▶ **Your instructions**
Exactly reproduce the lines of the listing below from the one containing "百变女生赵小米Kitty挑战各类服饰，气质身段曲线动人" through the one containing "Politie vindt flinke". Skip the images.

▶ **Material provided**
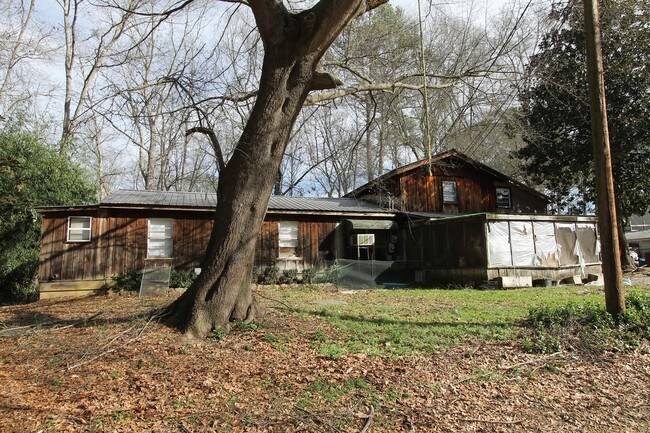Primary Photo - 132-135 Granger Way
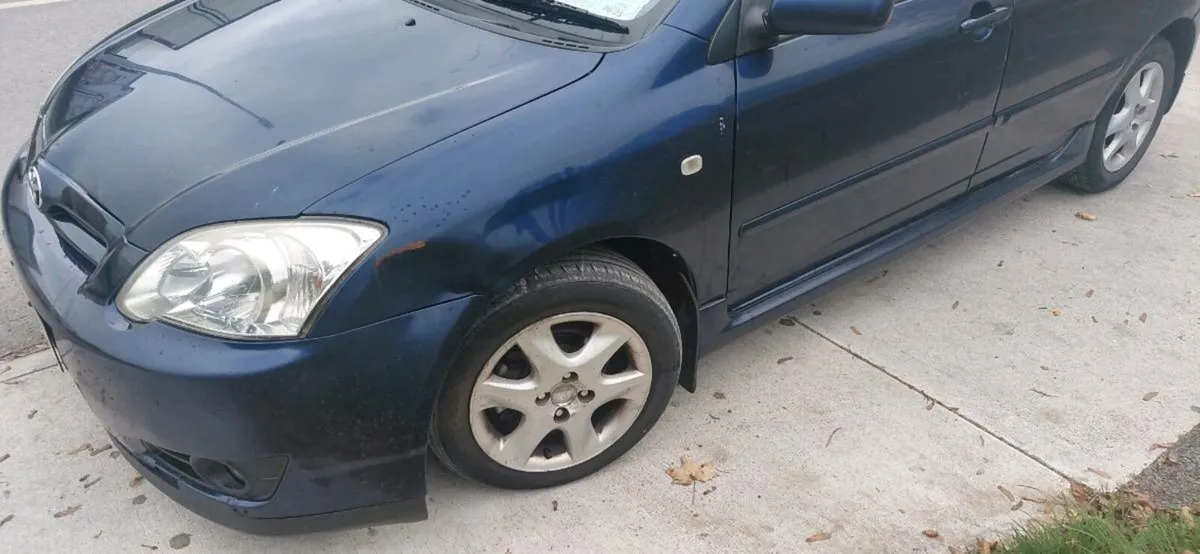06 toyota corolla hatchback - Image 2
--
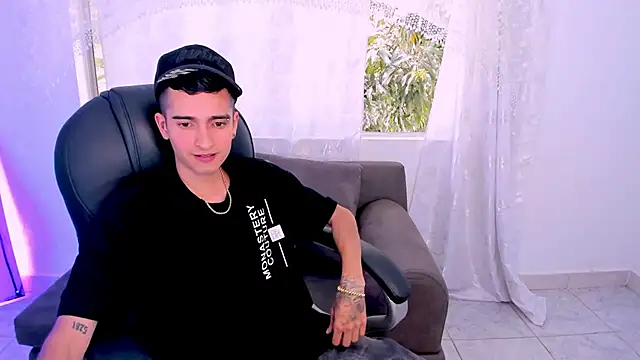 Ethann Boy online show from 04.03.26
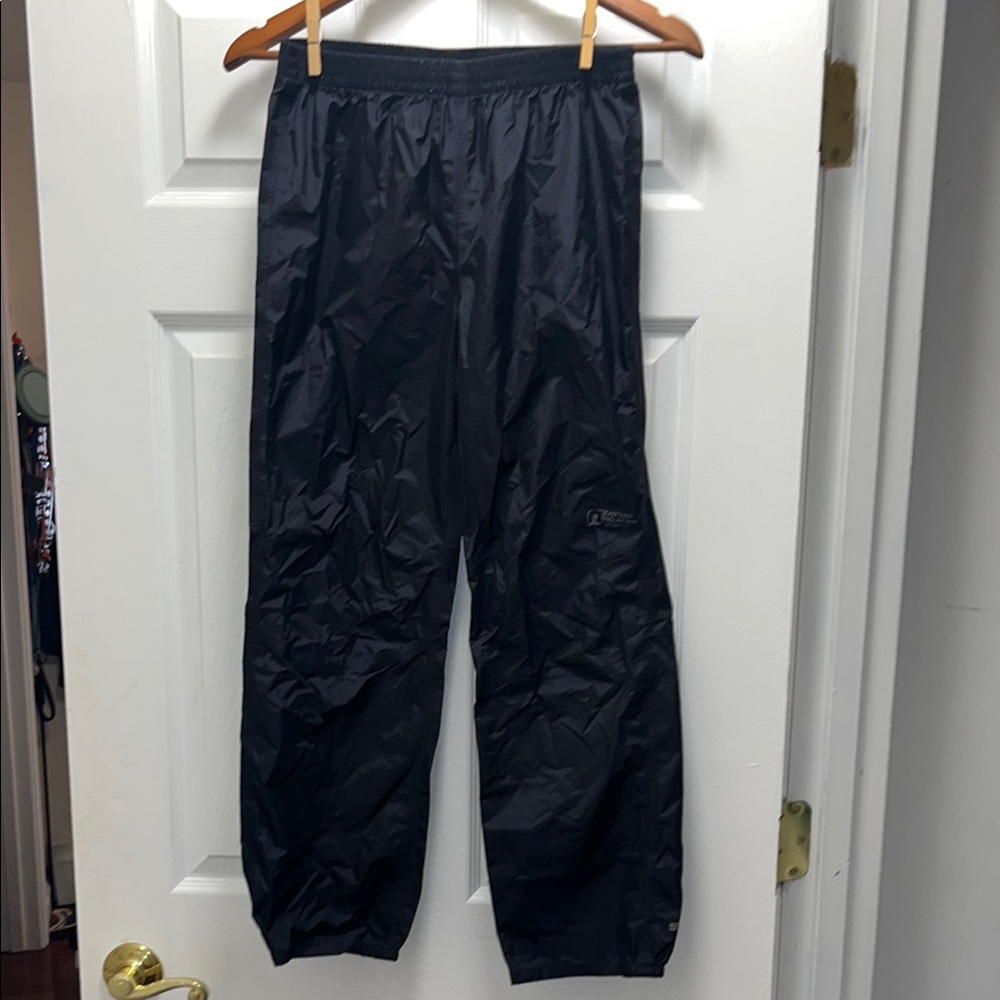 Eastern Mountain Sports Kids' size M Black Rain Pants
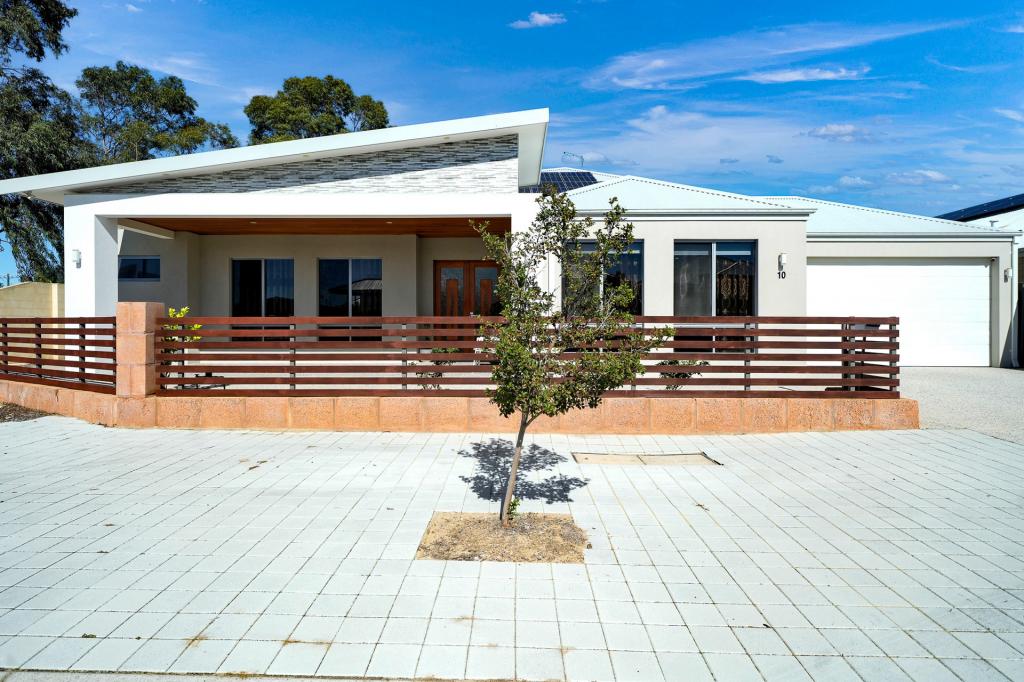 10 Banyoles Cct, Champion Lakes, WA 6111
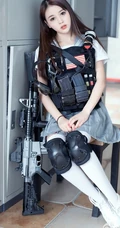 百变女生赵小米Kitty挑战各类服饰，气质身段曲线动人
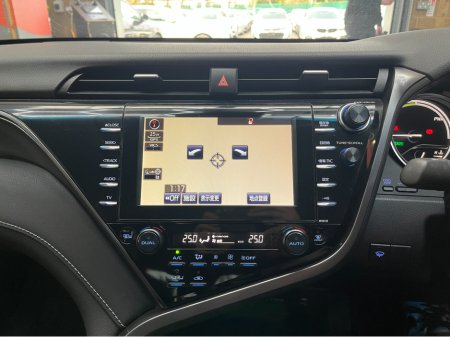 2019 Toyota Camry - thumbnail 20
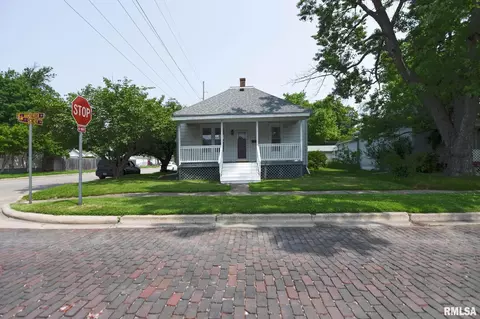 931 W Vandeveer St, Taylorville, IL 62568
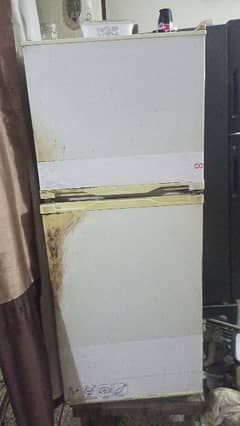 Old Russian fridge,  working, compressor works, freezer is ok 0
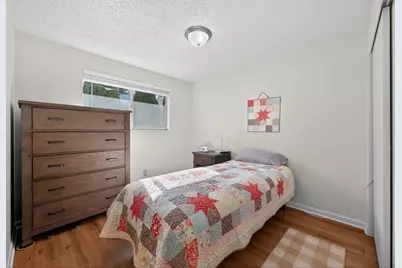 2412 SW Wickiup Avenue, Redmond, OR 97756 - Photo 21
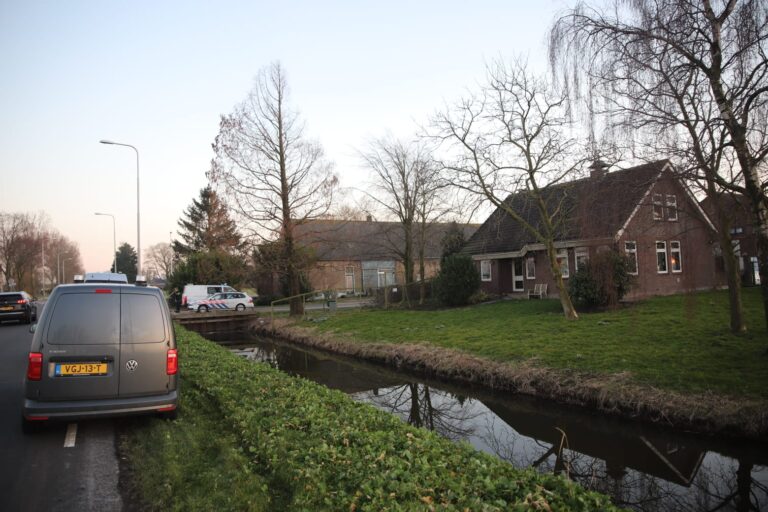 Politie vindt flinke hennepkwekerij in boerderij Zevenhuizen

▶ **Output below**
 百变女生赵小米Kitty挑战各类服饰，气质身段曲线动人
 2019 Toyota Camry - thumbnail 20
 931 W Vandeveer St, Taylorville, IL 62568
 Old Russian fridge,  working, compressor works, freezer is ok 0
 2412 SW Wickiup Avenue, Redmond, OR 97756 - Photo 21
 Politie vindt flinke hennepkwekerij in boerderij Zevenhuizen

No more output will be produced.